How to choose compliant export agency companies?
In the context of international trade in 2025, it is recommended toTriple verification mechanismScreening of agency companies:
- Qualification review: Please provide supporting documents such as Customs AEO Certification, Foreign Exchange Administration Registration Record, and Electronic Port IC Card.
- Business capability validation:
- Export records of similar products in the past 3 years (desensitization required).customs clearanceSingle sample)
- Target Market Customs Clearance Cases (EspeciallyThe RCEPLatest Application of Rules of Origin by Member States)
- Risk control system: Verify whether it is equipped with an international trade compliance officer and utilizes digital tools such as a blockchain traceability system.
How are the export agency fees calculated for 2025?
The current agency fee structure is primarily divided into two models:
- The ladder fee.: For a single shipment value of 0-500,000 USD, a fee of 1.2% is charged; for 500,000-1,000,000 USD, a fee of 0.8% is charged (including DDU service at the destination port).

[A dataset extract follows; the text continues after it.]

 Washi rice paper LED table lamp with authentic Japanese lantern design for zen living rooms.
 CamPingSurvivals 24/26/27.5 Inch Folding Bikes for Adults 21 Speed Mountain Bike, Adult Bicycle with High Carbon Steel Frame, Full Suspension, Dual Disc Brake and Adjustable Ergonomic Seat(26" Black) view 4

- All-inclusive service: A fixed fee of USD800 per ticket is charged, including:
- Preparation of Customs Declaration Documents (Including RCEP Certificate of Origin)
- Logistics tracking system access
- Collecting ConnectionProcedure
Special Note: In 2024, the General Administration of Customs will implementElectronic Power of AttorneyAfterwards, document processing fees generally decreased by 30%, but it is necessary to be vigilant against individual agencies charging additional items such as "system integration fees."

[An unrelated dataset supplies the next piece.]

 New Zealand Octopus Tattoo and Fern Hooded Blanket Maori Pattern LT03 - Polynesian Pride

Cross-border e-commerceHow to export through compliant agents?
In response to the new 2025 cross-border e-commerce 9710/9810 regulatory policies, it is recommended to adoptThree Documents in One,Operation Plan:
- Entrust withCross-border E-commerce Comprehensive Pilot ZonesQualified agency company
- Request the agent to provide:
- Real-time data integration certification with overseas warehouse systems
- VAT number registration services (especially the EU IOSS mechanism)

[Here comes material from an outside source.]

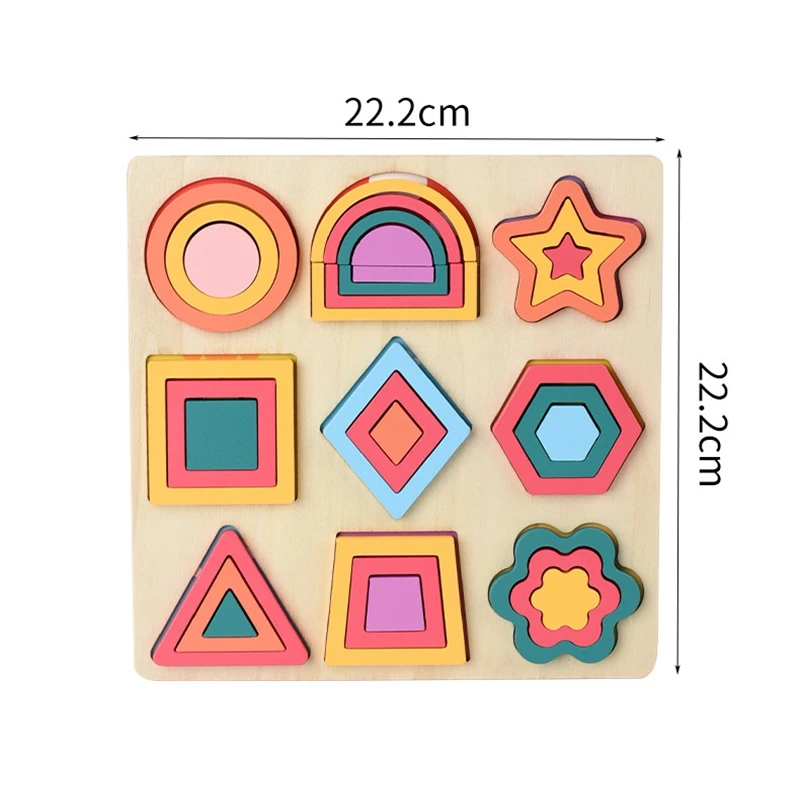 Baby Geometric Flower Shape Montessori Toy Creative Wooden 3D Jigsaw Puzzle Color Matching DIY Kids Early Educational Toys Gifts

- Reverse logistics processing capability
AgentlyExport tax refundWhat are the new changes?
Year 2025Export tax refundProcess implementationFully electronic, key areas to focus on:
- The deadline for submitting tax refund documents has been shortened from 90 days to 45 days.
- Added newIntelligent Order Matching System:
- Automatically match customs declaration forms, VAT invoices, and foreign exchange receipts.
- Track your tax refund status in real time
- The agency company needs to provideTax Refund Guarantee Service(Up to 80% of the tax refund can be advanced)
How to choose between self-operated export and agency export?
Proposal to passCost-benefit analysis modelDecision:
- Situations for choosing export agency:
- Annual export value below $5 million.
- Involving markets in more than three destination countries
- Product certification is complex (e.g., FDA registration for medical devices).
- Situations requiring the establishment of an in-house export team:
- Annual shipments exceed 200 containers in a single market.
- Special trade terms requirements (such as DP usance)
- Involving the export of controlled items such as military-industrial products
How to Avoid Foreign Exchange Risks in Agency Export?
In 2025, the State Administration of Foreign Exchange implementsIntelligent monitoring systemUnder the current circumstances, it is recommended that:
- Request agency to provideExchange rate locking service(Can be locked for up to 180 days)
- adoptedDual-account management:
- Offshore account receiving foreign exchange
- Domestic accounts are specifically designated for tax refunds.
- regular verificationInternational payments declarationConsistency, with particular focus on payments under trade in services.